Amandine Lebreton, Pacte du pouvoir de vivre : « Le travailler plus pour gagner plus fait oublier les richesses des autres temps de vie »

avril 7, 2022

Publié le 07 avril 2022

À l’occasion de l’élection présidentielle, Novethic se penche sur ces débats oubliés, ceux qui n’occupent pas le terrain médiatique mais qui sont pourtant vitaux. Zoom aujourd’hui sur les temps de vie et la place du travail, avec une proposition originale du Pacte du pouvoir de vivre, dont Amandine Lebreton, directrice plaidoyer et prospective à la Fondation pour la Nature et l’Homme, est l’une des porte-parole. L’idée est de mettre en place une banque des temps dont chacun disposerait tout au long de sa vie.

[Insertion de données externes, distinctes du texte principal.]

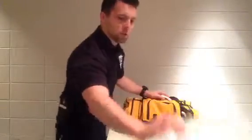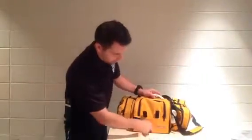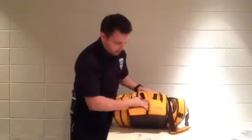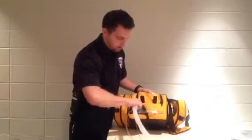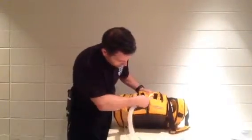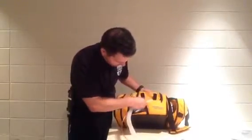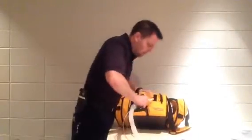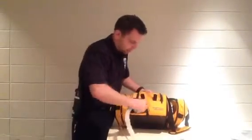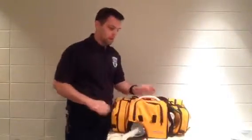When we come to the ventilator the hookup is pretty simple — we can just unzip this section right here and expose our ports, and we just have the three. So we seat that on real nice — that's our output. We've got our prox line which is blue and it actually says prox line next to the nipple, just squeeze that on. And then we've got our exhalation valve which is white, and that's our trimmed down one. And there we go, we're hooked up.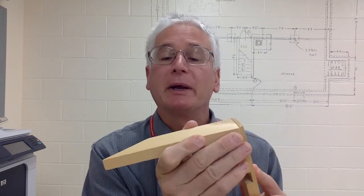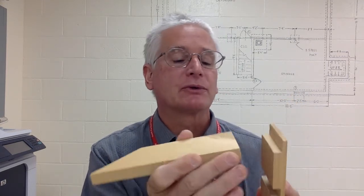So these are just two of many different types of joinery methods. These are probably two of the easier methods and they're fairly strong. We could spend — like everything in woodworking — months and months going over just different types of joinery.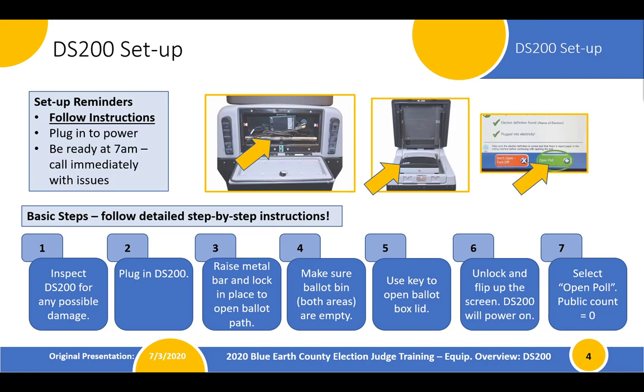Here's how you set up the DS-200. These are high-level basic summary steps — follow the instructions provided to the head judges and all election judges on election day, which will be attached to the side of the machine. The DS-200 must be plugged in and ready to roll at 7 in the morning. You're going to unwind the power cord and plug it into an outlet, then flip up the display module. If plugged in correctly, it will automatically power on. When it powers on, we're going to open the polls. A very important step: there is a metal bar in the back that needs to be raised and locked onto the latches — that opens up the ballot path. If you do not do that, ballots will not be able to run through the machine and drop into the secure storage area.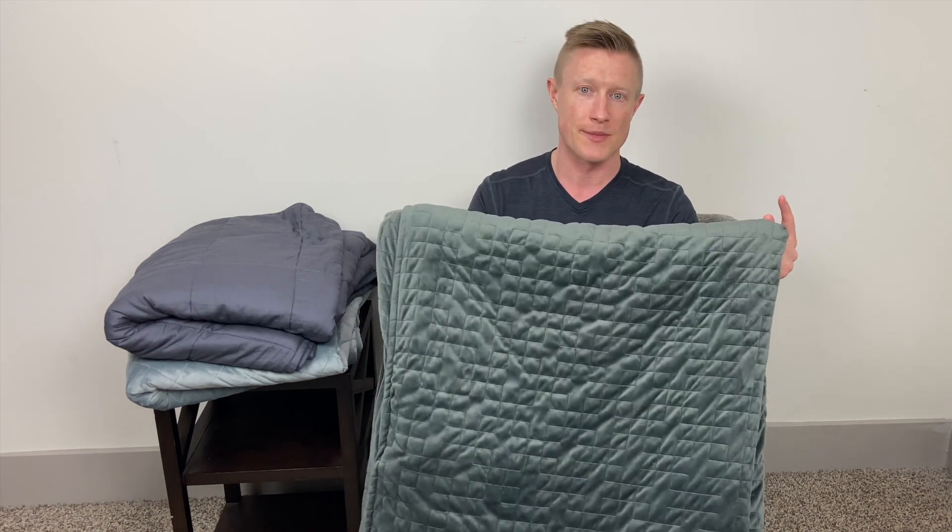The Gravity Blanket is available in three different weights: 15, 20, or 25 pounds. When it comes to choosing the weight, they recommend getting something that's about 10% of your body weight, plus or minus two or three pounds depending on where your body weight falls. So for me, I have the 15-pound blanket. It's also available in three different sizes: a travel size, a single size, and a queen or king size. I have the single size, which is 72 inches long by 48 inches wide. It's also available in three colors: space gray, navy, or white. I have the space gray version.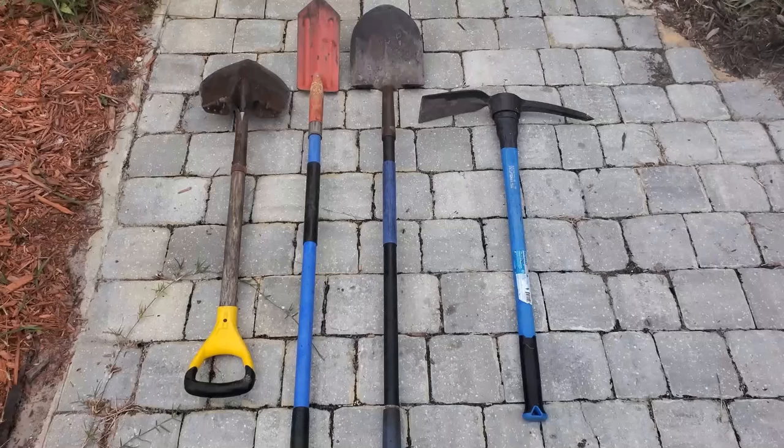Have you ever watched those videos that say they can dig the fastest trench? They're usually using that little tiny spade — that little red shovel, the trenching shovel. Let me show you how to dig a trench easier and faster than all of those other videos combined.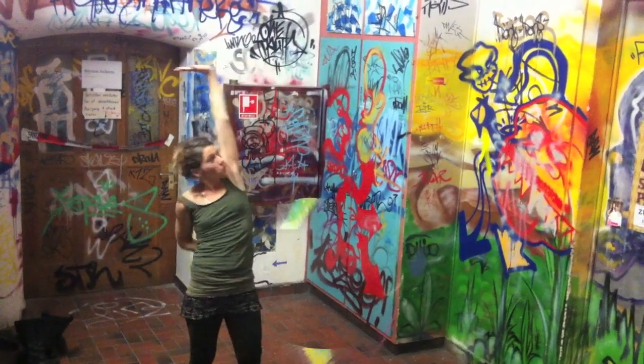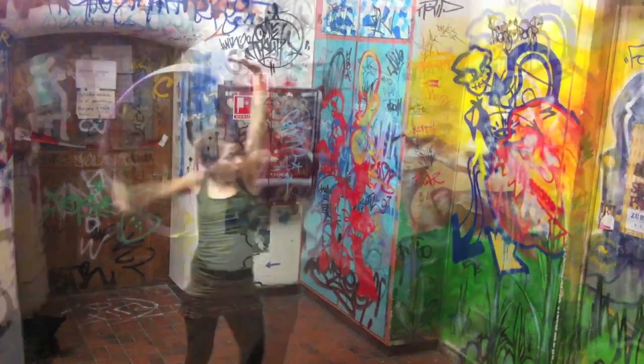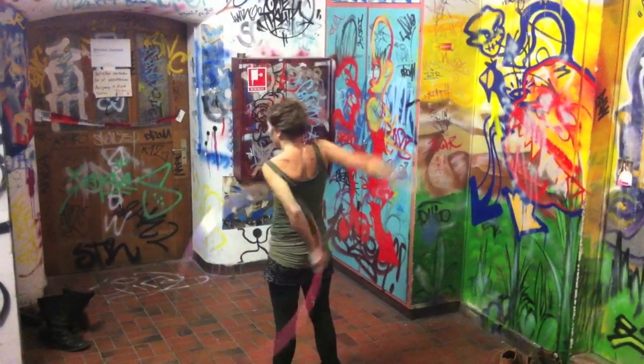To get yourself an idea how it looks like, I show you the speedy version in front and back perspective. In slow motion you will get a better idea what I'm exactly doing before I break it down properly and talk you through.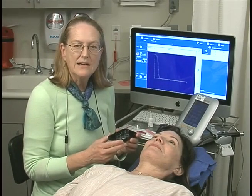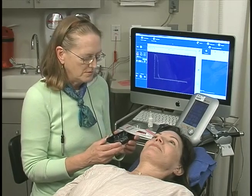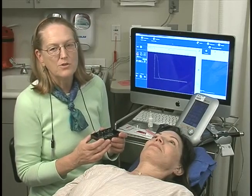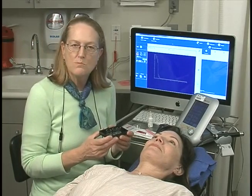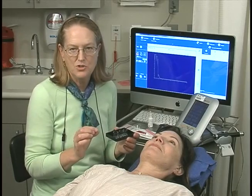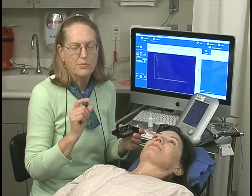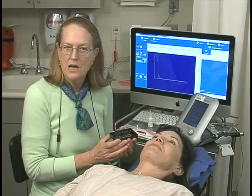Immersion biometry for axial length measurements is the standard of care all over the world. I'm happy to see it back, as it went away for a while with contact A-scan being used. We all know that immersion is the most accurate because nothing touches the cornea except fluid, and we really want pure, precise, and accurate axial length measurements. So we use a scleral shell.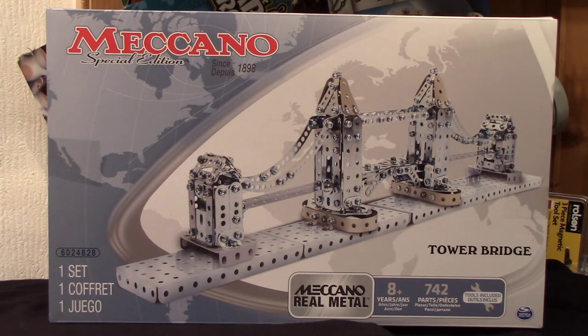Afternoon everybody and welcome to another new Meccano set video. This one is just about the newest there is at the moment along with a couple of others. As you can see, this is the Tower Bridge Meccano special edition set. Brand new, although the box date does state May 2014. It's a made in China set, which is a bit of a surprise because that's the first one made in China of the newest sets I've seen for just over a year.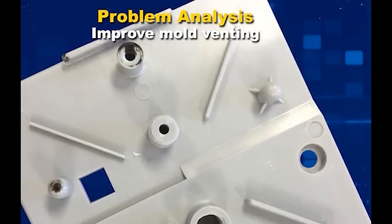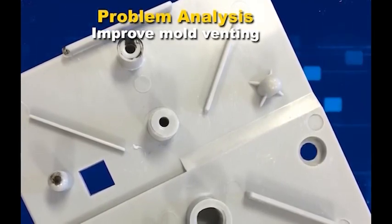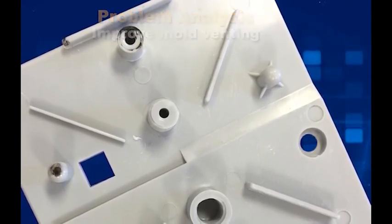If venting is a problem, faster mold filling will cause a burn mark. This tells you that venting is the problem, and you would reduce the fill rate.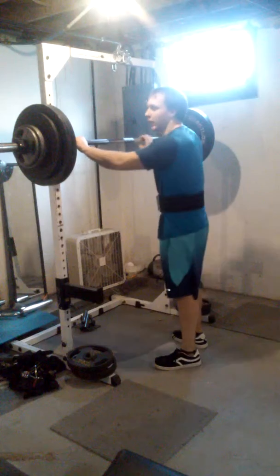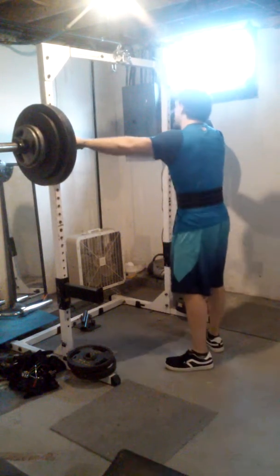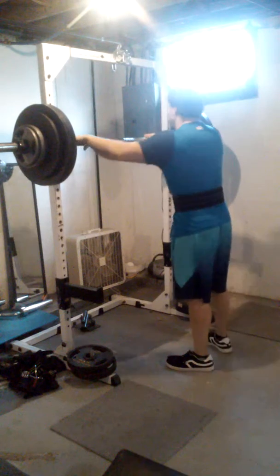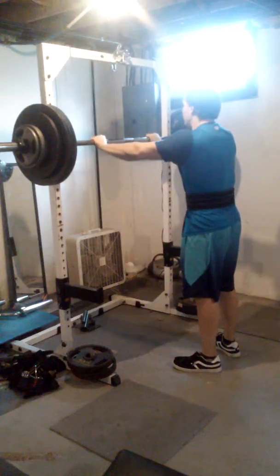All right, now I'm going to be doing a 3x3 with 345 today, belted high bar. I should be able to do this. The squat three days a week is really working good for me.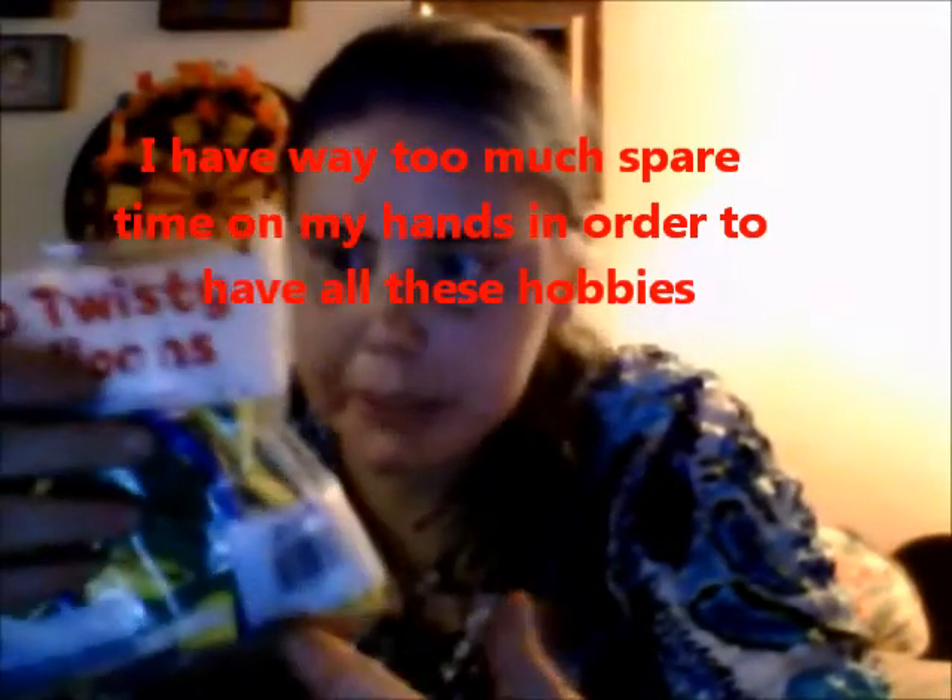These are twisty balloons, pretty much known as clown balloons. You can get them at the dollar store or at Walmart in the party section. Most of the time a pack comes with like 10 balloons, but this one came with like 20 or so, and most of the time they come with these little bitty pumps in the bag with the balloons.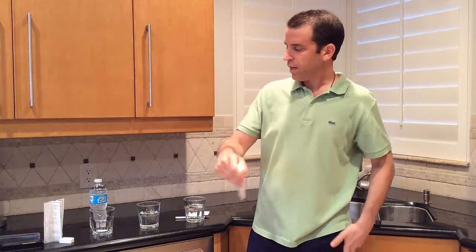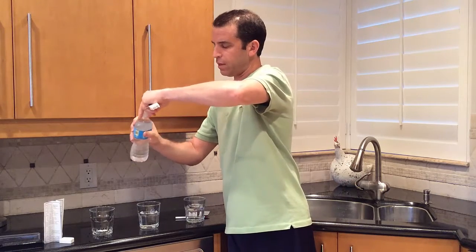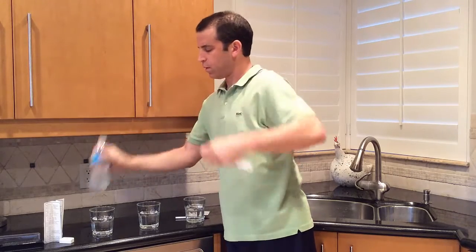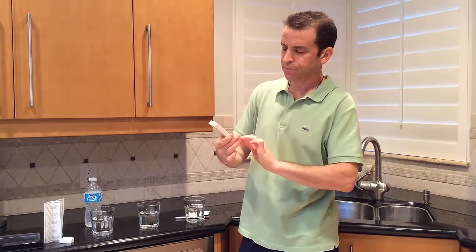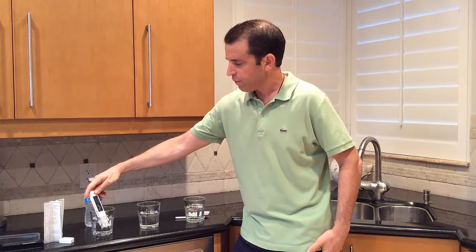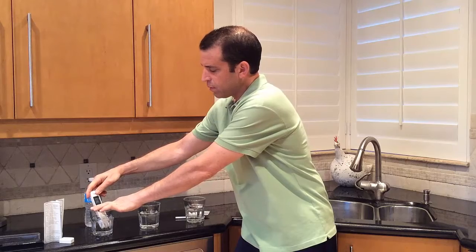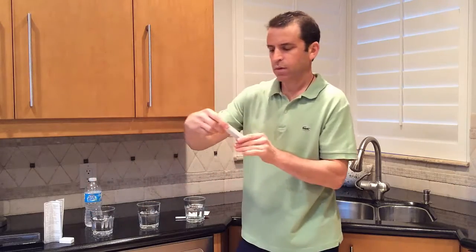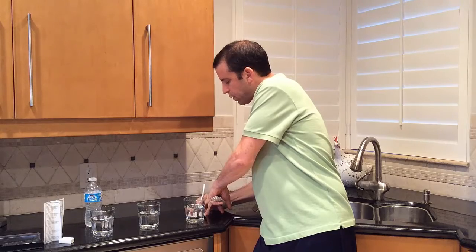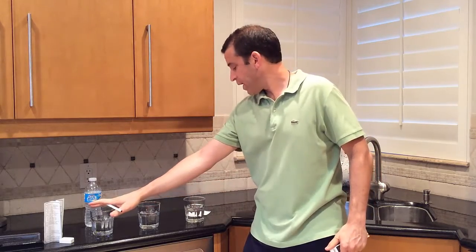The last test — I'll pour the Nestle Pure Life bottled water in here. Now let me press the hold button; it's back to zero. I'll immerse this and leave it there for a second. Let me press hold — 43. So the bottled water came back at 43. To recap: tap water 143, filtered water 139, and bottled water 43.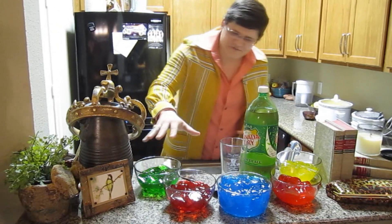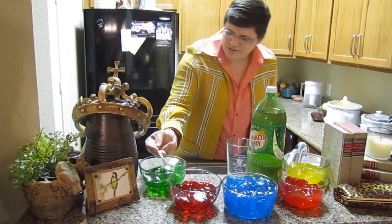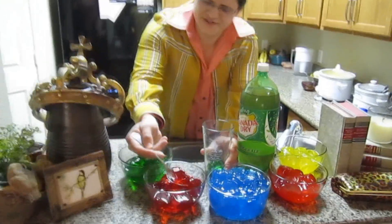This is what you do — you make all your different colors of Jell-O shots and you can select just a few. This is going to be so messy. There you go, a little of each.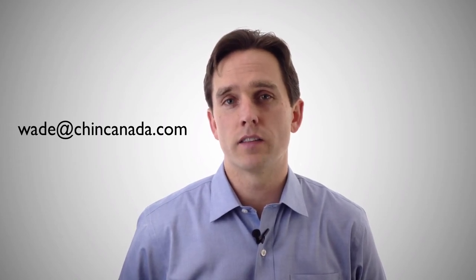Well, that wraps up the introduction to this tray format. If you'd like some more information, feel free to reach out to me at wade@chincanada.com. I've got some other contact information below this video. Thanks for watching.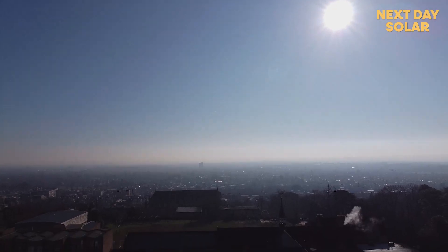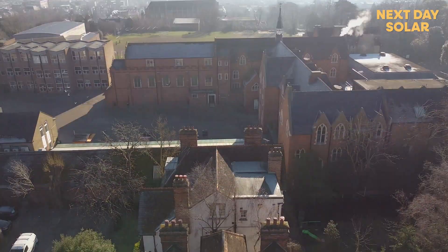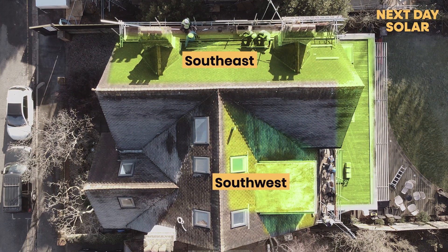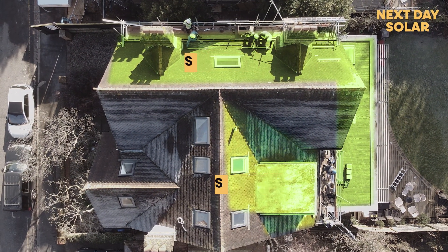Hello everyone and welcome to Next Day Solar. Today we are in South London installing on a really lovely property — 24 panels across three different aspects of roof. We've got a southwest pitch roof, a southeast pitch roof, and a flat roof on the kitchen extension to install onto.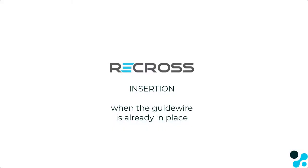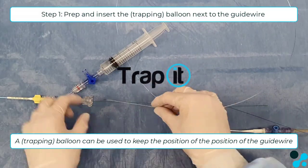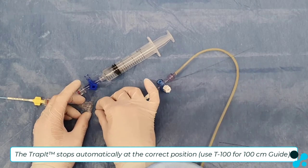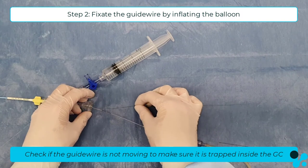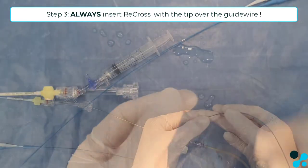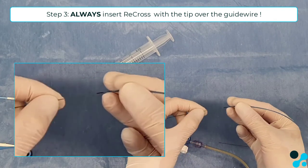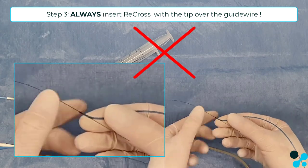When the guide wire is already in place, it is very useful to use a trapping device, like the Trap-It, in order to keep the position of the guide wire. Bring the trapping balloon inside, inflate it, and check if the position of the guide wire is locked. Then insert the tip of the Recross over the guide wire, so the guide wire is going through the full over-the-wire lumen of Recross — the white tip lumen — and not exiting from the proximal exit port.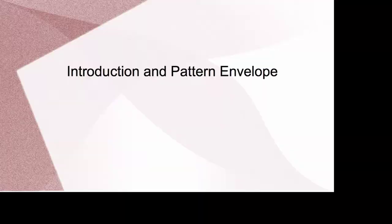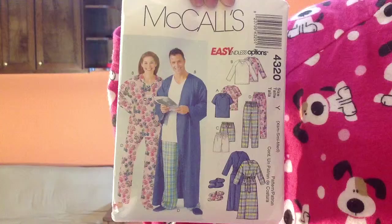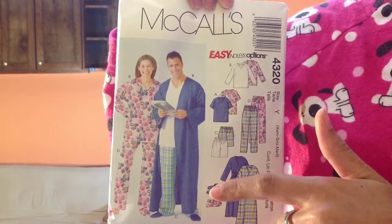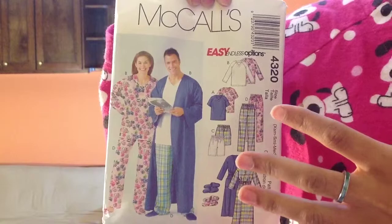As you can see, there are six views: a long sleeve shirt, a short sleeve shirt, long pants, short pants, a robe, and slippers. Just so you know, the sizing is for his and hers — it's for teenagers as well as adult men and women.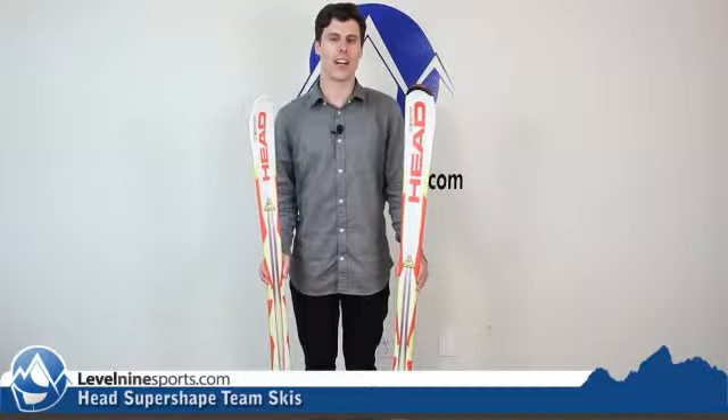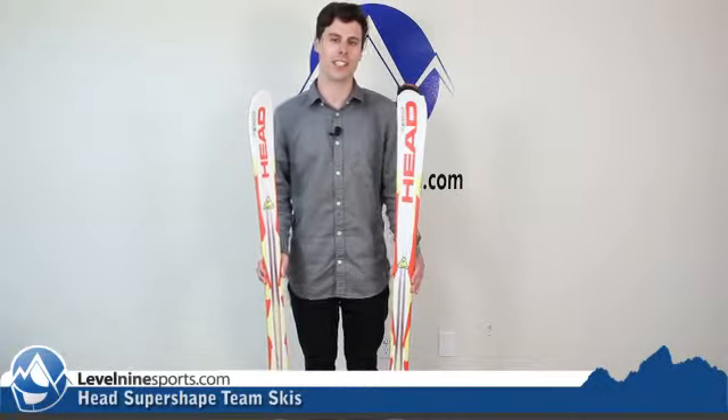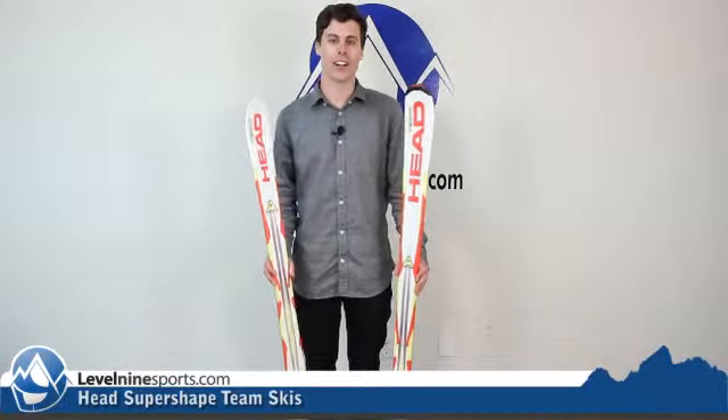Scott here with Level 9 Sports, talking today about the Head Super Shape Team Junior and Children's Skis. These skis are going to be a great ski for your young rippers.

En quoi consisterait cette banque des temps ?

Ce serait une banque qui appartiendrait au travailleur et pas à l’employeur et qui permettrait de constituer un compte épargne temps rattaché à la personne et transférable d’un emploi à l’autre. L’idée est de placer sur ce compte des droits en temps (RTT, congés payés, etc.) ou de transformer des primes ou des majorations d’heures supplémentaires en temps. Le compte serait en outre abondé par les entreprises ou par l’État. Il pourrait être utilisé au bon vouloir du travailleur, à tout moment de sa vie, pour mener à bien un projet personnel, s’occuper de sa famille, ou simplement pour réduire son temps de travail et passer par exemple à la semaine de quatre jours pendant une période donnée.

L’objectif est de permettre de trouver un équilibre entre la vie professionnelle et la vie privée afin de mieux vivre, ce qui est le sens du Pacte du pouvoir de vivre. C’est notamment une demande de plus en plus forte chez les jeunes. Et puis, on peut avoir envie de beaucoup travailler en début de carrière parce qu’on est plein d’énergie et puis éventuellement de ralentir avec l’arrivée des enfants notamment. La vie n’est pas linéaire, nous ne sommes pas des machines.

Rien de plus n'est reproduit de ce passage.